◆ **Source data**:
*****

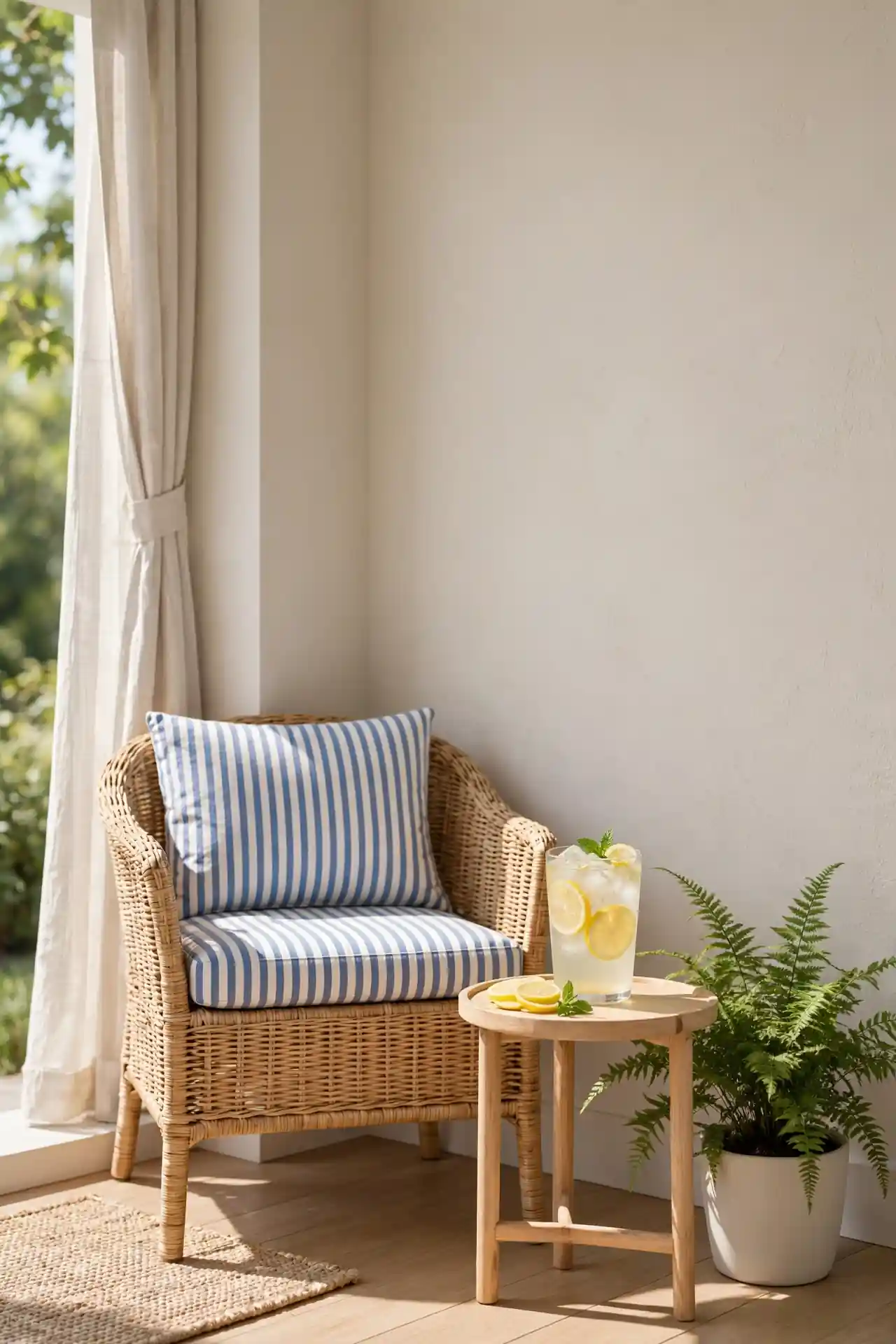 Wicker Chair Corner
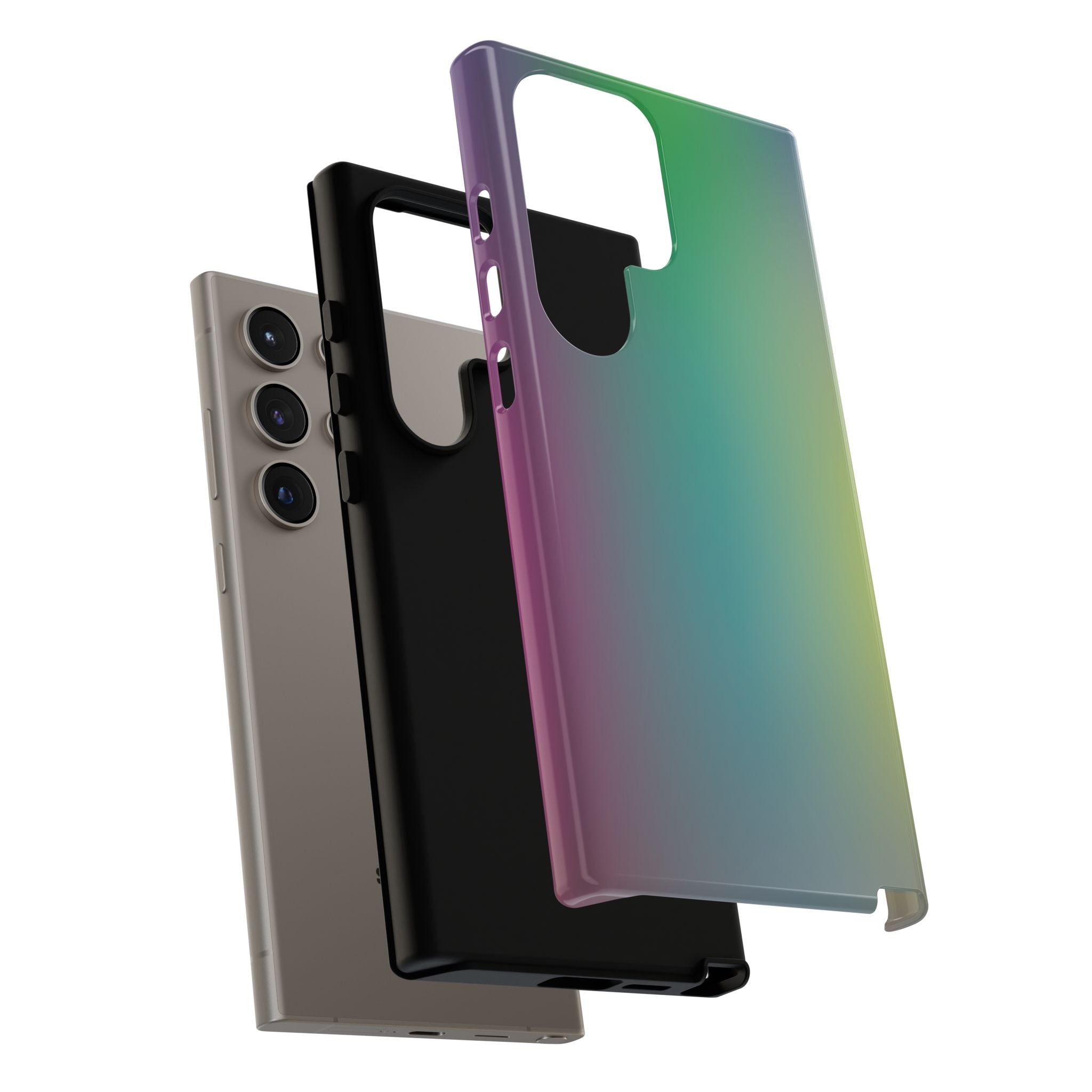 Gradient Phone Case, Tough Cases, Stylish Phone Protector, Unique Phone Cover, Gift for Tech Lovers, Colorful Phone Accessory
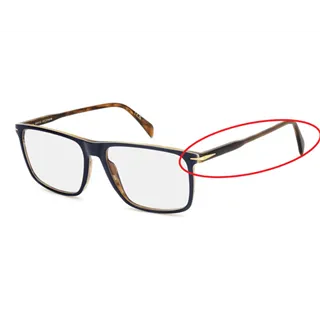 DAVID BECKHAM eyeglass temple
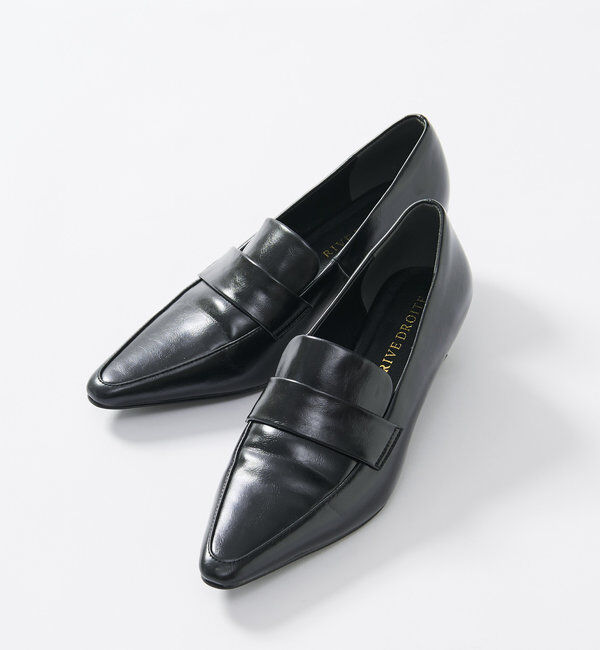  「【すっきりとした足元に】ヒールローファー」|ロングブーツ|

*****

◆ **Assignment**:
Your job is to reproduce the material exactly. Keep pictures out of it.

◆ **Answer**:
 Wicker Chair Corner
 Gradient Phone Case, Tough Cases, Stylish Phone Protector, Unique Phone Cover, Gift for Tech Lovers, Colorful Phone Accessory
 DAVID BECKHAM eyeglass temple
  「【すっきりとした足元に】ヒールローファー」|ロングブーツ|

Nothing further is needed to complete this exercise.